コーティング技術がなかった当時は、ルドルフ博士もプラナータイプがここまで標準レンズのまさに標準になるとは思わなかったでしょうね。中将姫さんのこの記事を見ていて、自分のHPのレンズの歴史が中途半端で終わったままなのを思い出して、自己嫌悪に陥ってます。
2007/10/13 Sat| URL | kinoplasmat [ 編集 ]
本当です。今の50mmレンズが、ダブルガウスタイプばかりと知ったら、どう思ったことでしょうか。
ルドルフ博士は、プラナーの発展性の限界を感じて追求することがなかったのか、すでにダブルガウス自体が存在していたし他に追随する同系レンズがあったからプラナーに愛着がなかったのか、あわせて聞いてみたいと思ってしまいます。
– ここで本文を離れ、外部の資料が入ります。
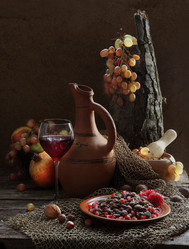 Similar image 21128289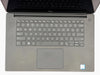Dell PRECISION 5530 15
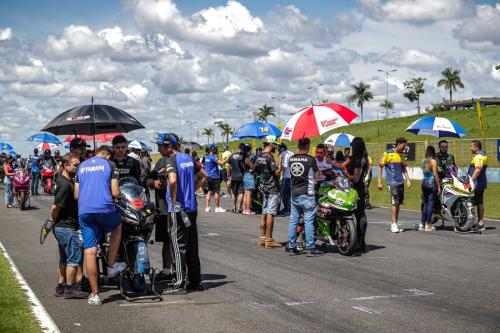 M1GP etapa 01 goiania domingo02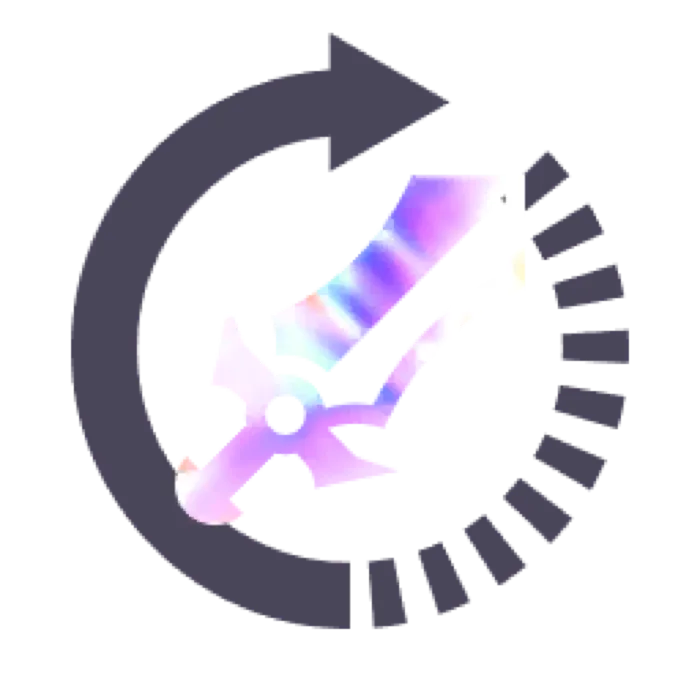 Mystic Punch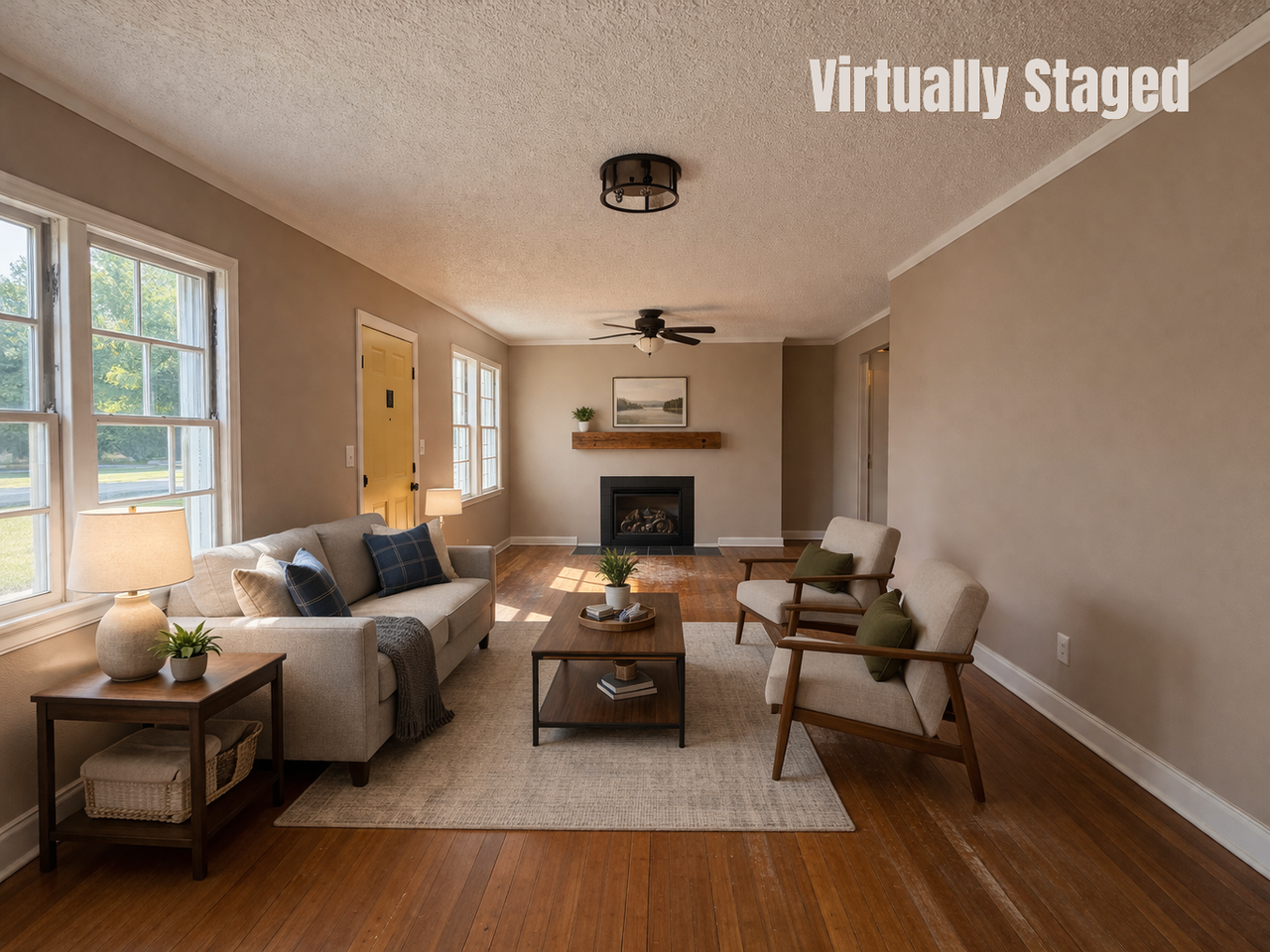 1508 13th Way S #NA - Photo 3 of 11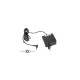 Блок живлення до ноутбука PowerPlant IBM/LENOVO 220 V, 20 V 65 W 3.25 A (5.5*2.5) wall mount (WM-IB65H5525)
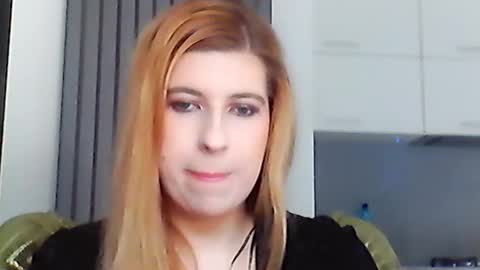 Diana online show from 02-12-25, 10:56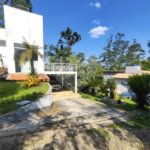 Casa à venda com 3 quartos, sendo 1 suíte, no condomínio Clube Florada Suzano, Suzano - SP
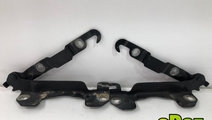 Set balamale capota fata Alfa Romeo 159 (2005-2011...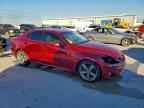 2013 LEXUS IS 250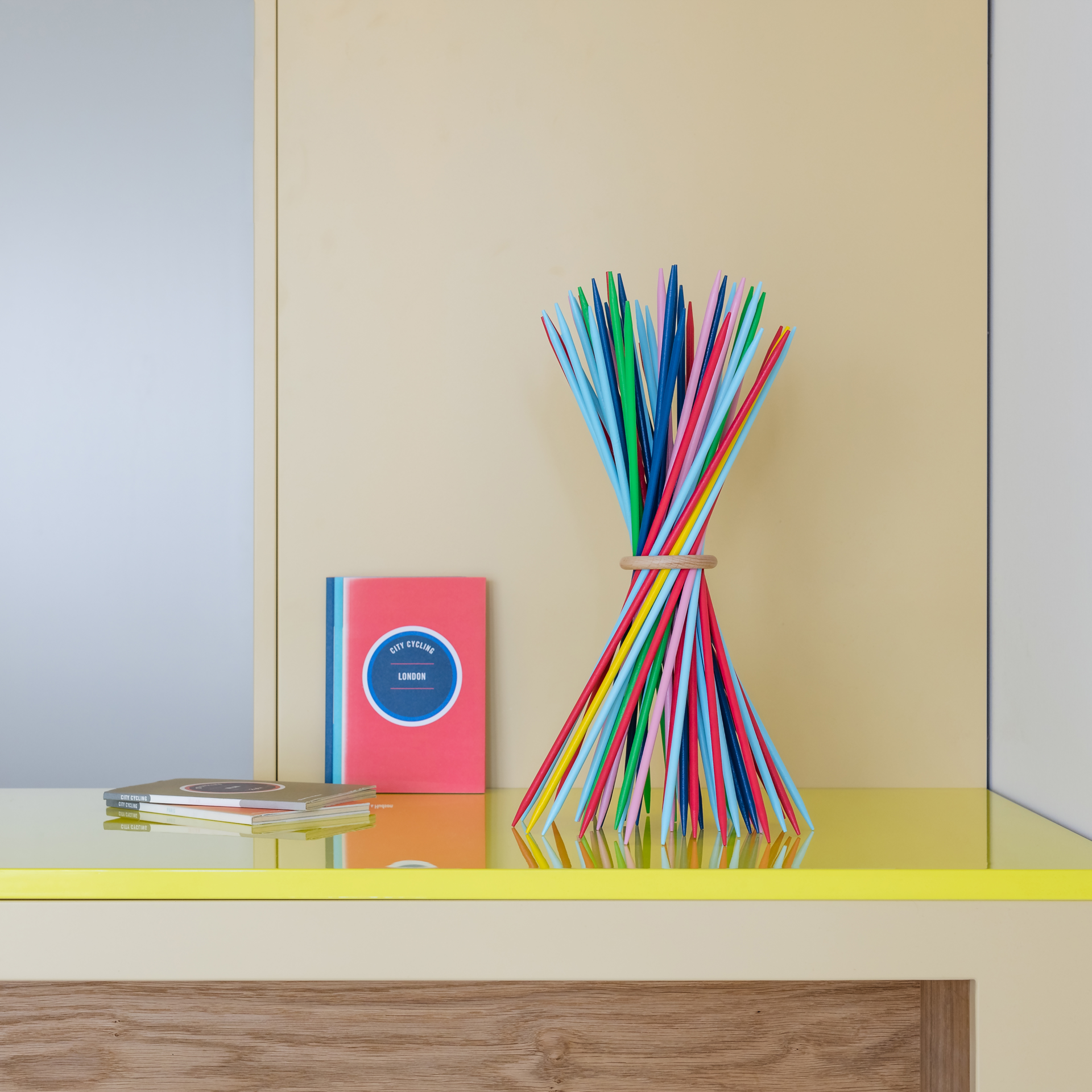 REMEMBER - Wholesale Classic Toy - Kids - Stickado1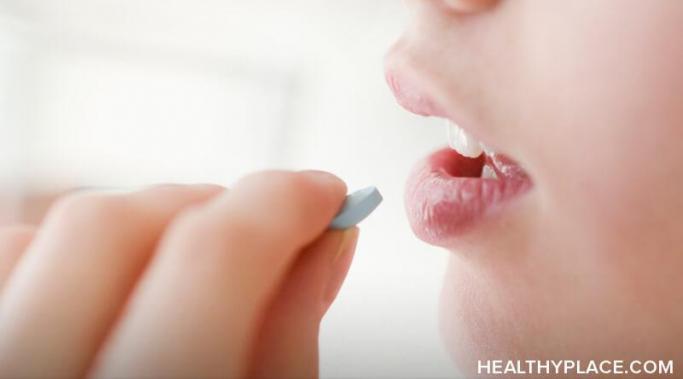 Key Considerations for Changing Your Bipolar Medication Considering changing your bipolar medication? Learn the key factors, benefits, and risks to discuss with your doctor for an informed decision.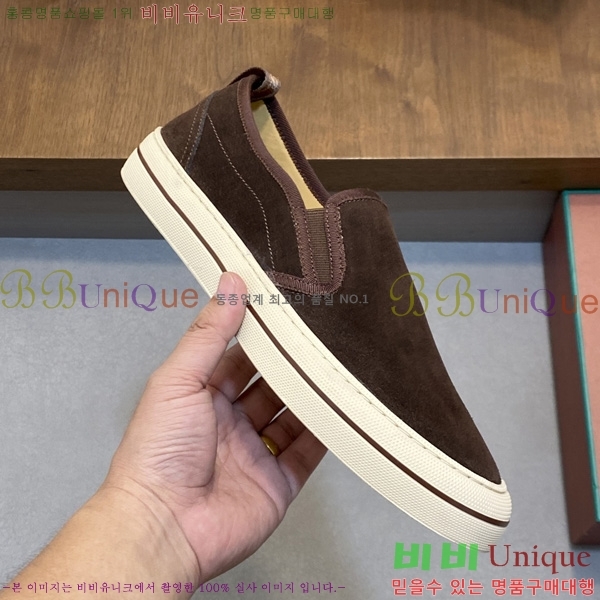 ���� �η�**�� ���� LP5415540-5
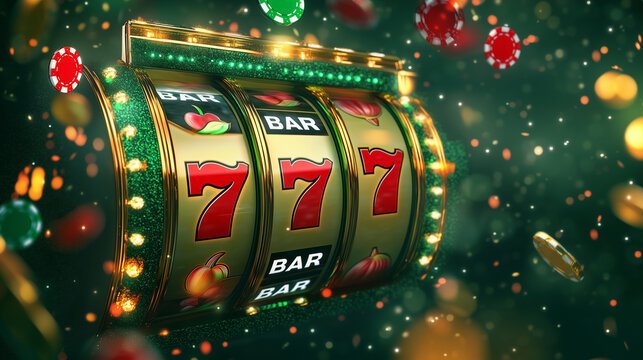 333net Live Roulette — ဘီးလည်ပွဲ Live Casino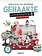 Gehaakte Lappenpoppen 3 - Sascha Blase-Van Wagtendonk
kinoplasmatさんが進めていらっしゃるHPの作業は、アマチュアにはたいへんな大仕事です。
根を詰めてやっていたら嫌になってしまいます。
いろいろなことを並行して進める今のやり方がいいと思います。
ゆっくり行きましょう。
2007/10/13 Sat| URL | 中将姫光学 [ 編集 ]
こんにちは
 中将姫光学さん、こんにちは。

 ツァイスで35ミリでF2.8だと僕も持っているな…なんて思ったら、Biogonでした(僕が使っているのは京セラヤシカのディスタゴンの方です)。

 このふわっとした柔らかい感じはいいですね。
 以前、中将姫光学さんがクラシック・レンズのことを柔らかくて品があると書かれていたことが納得出来ます。
2007/10/18 Thu| URL | NOBU [ 編集 ]
ありがとうございます
NOBU さん、こんばんは。
レンジファインダー用のBiogonは、後玉がええっ?というくらい出っ張っていて、これはゾナー・タイプの広角レンズとしての完成形と言われているようです。
一方恐らくNOBUさんのディスタゴンは逆望遠型で、一眼レフのミラーあたりなどをなくすことには成功しましたが、その分いろいろと制約ができているようです。
それでもディスタゴンはすばらしい写りをすると思いますが、広角レンズのそういった問題を考えて、レンジファインダー機を愛用しているという話はしばしば聞きます。
わたし自身は、そういったことを未だ理解できずにいますので、ぜひディスタゴンの作例も多く見て、違いを認識できるようになりたいと思っています。